Work instructions
Your answer must be the lines from the one containing "BCBGMaxazria Michelle Black" through the last line below, copied exactly, with no pictures.

[Short web captions]

---+---

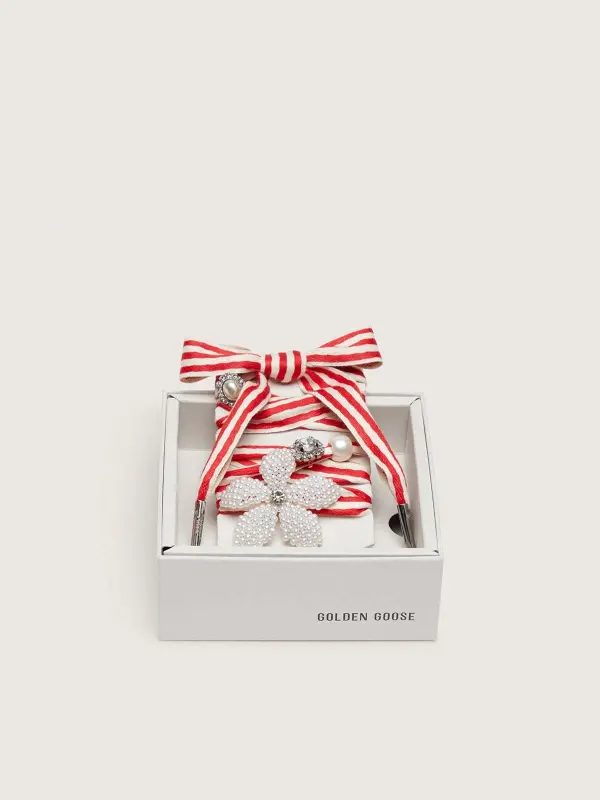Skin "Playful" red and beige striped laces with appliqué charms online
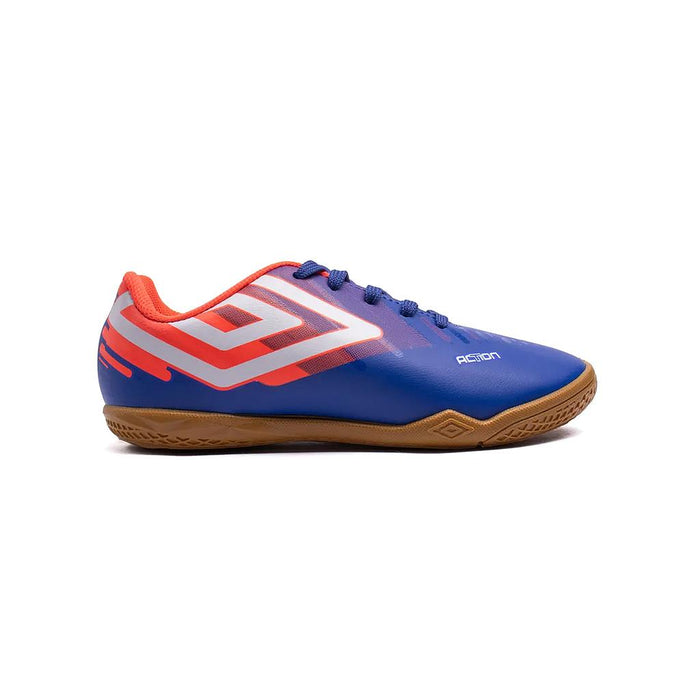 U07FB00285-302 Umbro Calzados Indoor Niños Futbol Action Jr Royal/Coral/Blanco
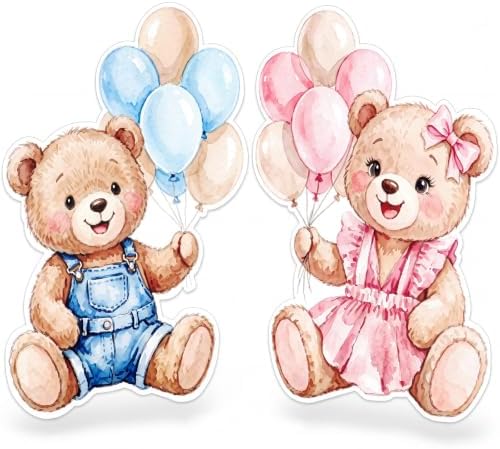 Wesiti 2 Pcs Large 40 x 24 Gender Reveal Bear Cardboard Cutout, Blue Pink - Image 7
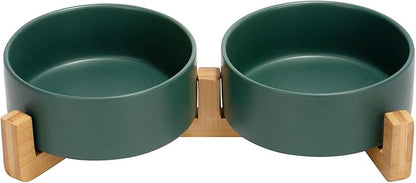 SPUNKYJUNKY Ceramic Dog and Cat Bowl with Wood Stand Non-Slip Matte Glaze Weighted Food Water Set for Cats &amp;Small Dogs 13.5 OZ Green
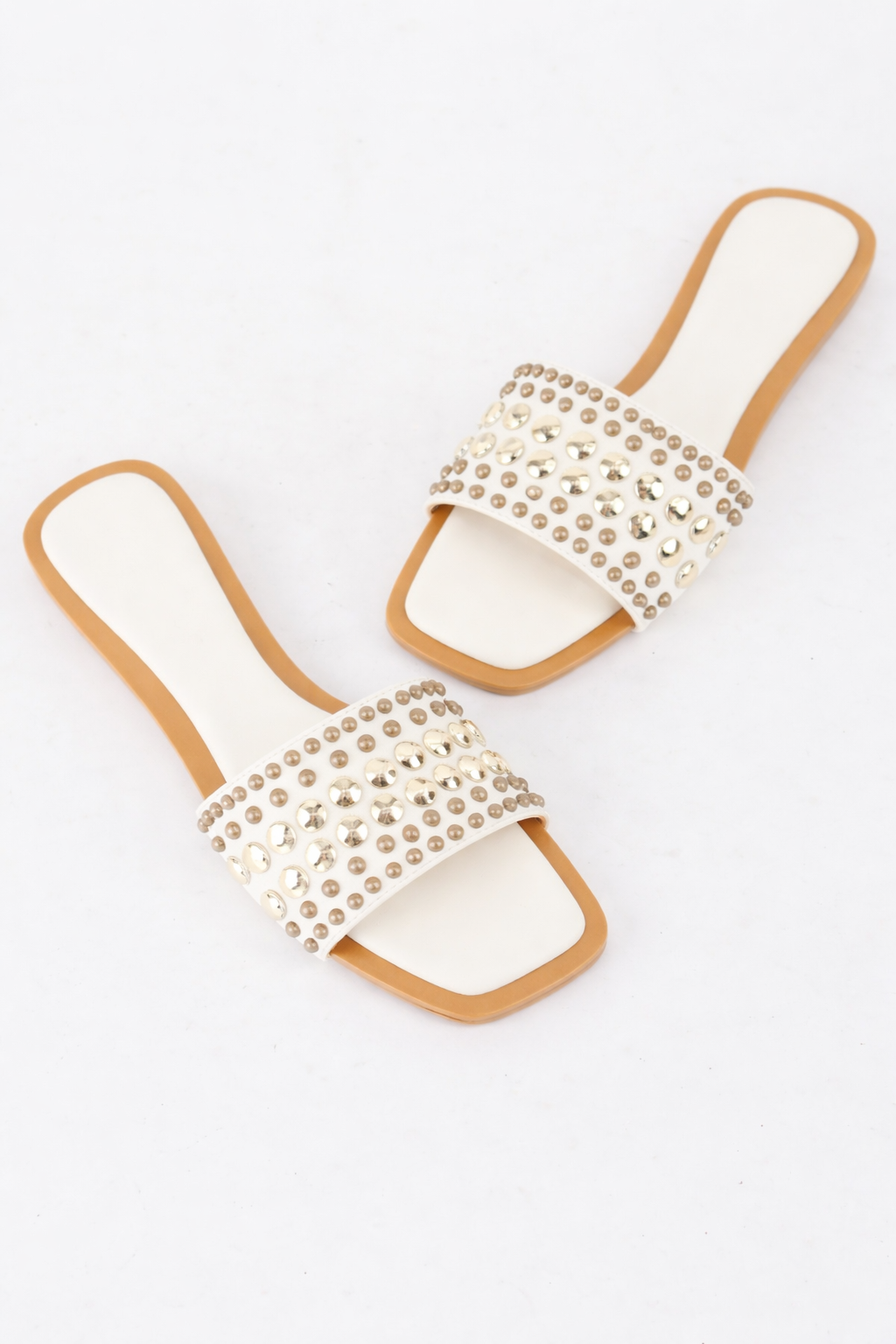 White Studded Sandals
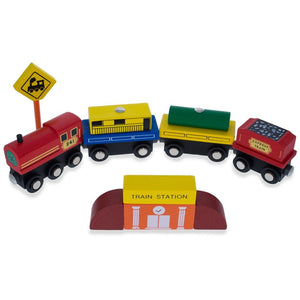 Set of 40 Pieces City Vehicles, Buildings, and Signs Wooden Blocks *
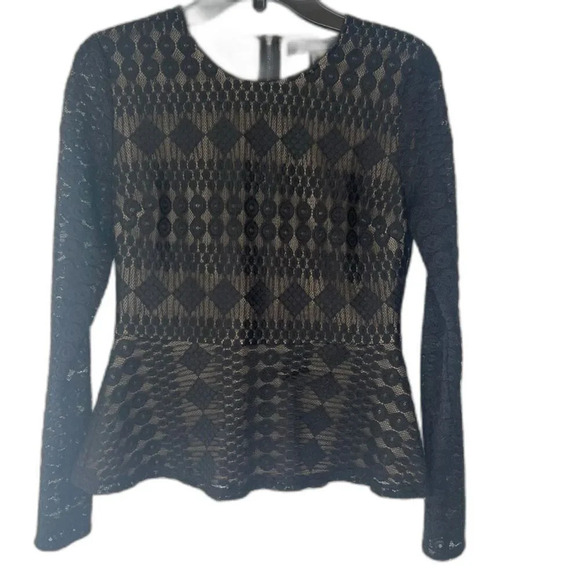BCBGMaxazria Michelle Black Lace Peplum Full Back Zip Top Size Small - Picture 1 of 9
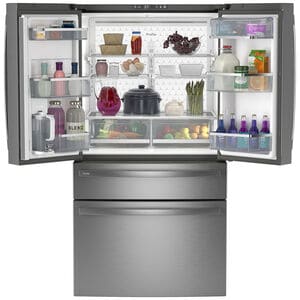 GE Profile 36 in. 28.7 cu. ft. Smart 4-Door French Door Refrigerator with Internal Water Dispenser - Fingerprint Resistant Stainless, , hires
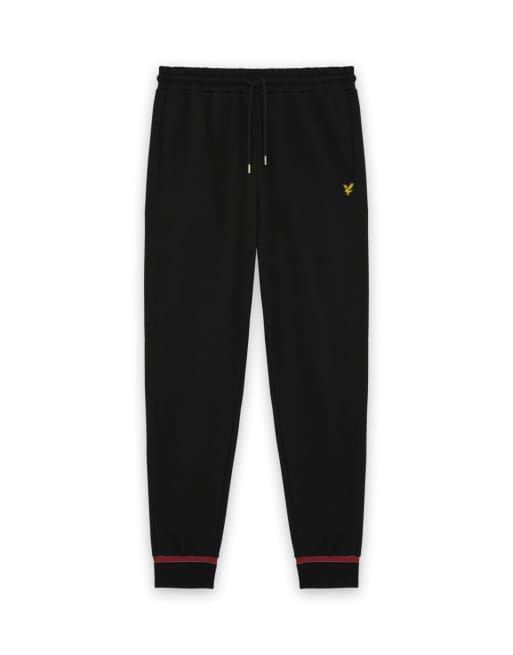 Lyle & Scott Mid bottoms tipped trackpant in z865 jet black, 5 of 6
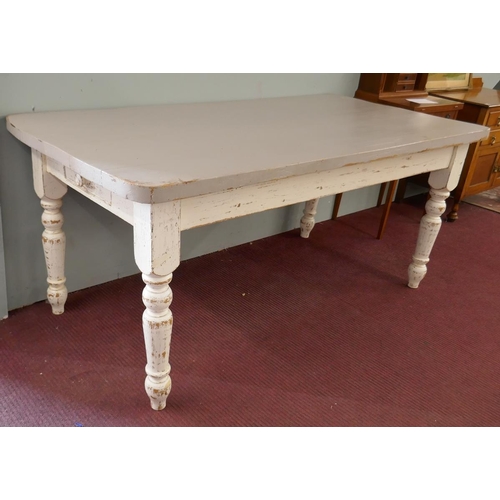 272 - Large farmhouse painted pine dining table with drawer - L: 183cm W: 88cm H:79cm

---+---

Answer box
BCBGMaxazria Michelle Black Lace Peplum Full Back Zip Top Size Small - Picture 1 of 9
 GE Profile 36 in. 28.7 cu. ft. Smart 4-Door French Door Refrigerator with Internal Water Dispenser - Fingerprint Resistant Stainless, , hires
 Lyle & Scott Mid bottoms tipped trackpant in z865 jet black, 5 of 6
 272 - Large farmhouse painted pine dining table with drawer - L: 183cm W: 88cm H:79cm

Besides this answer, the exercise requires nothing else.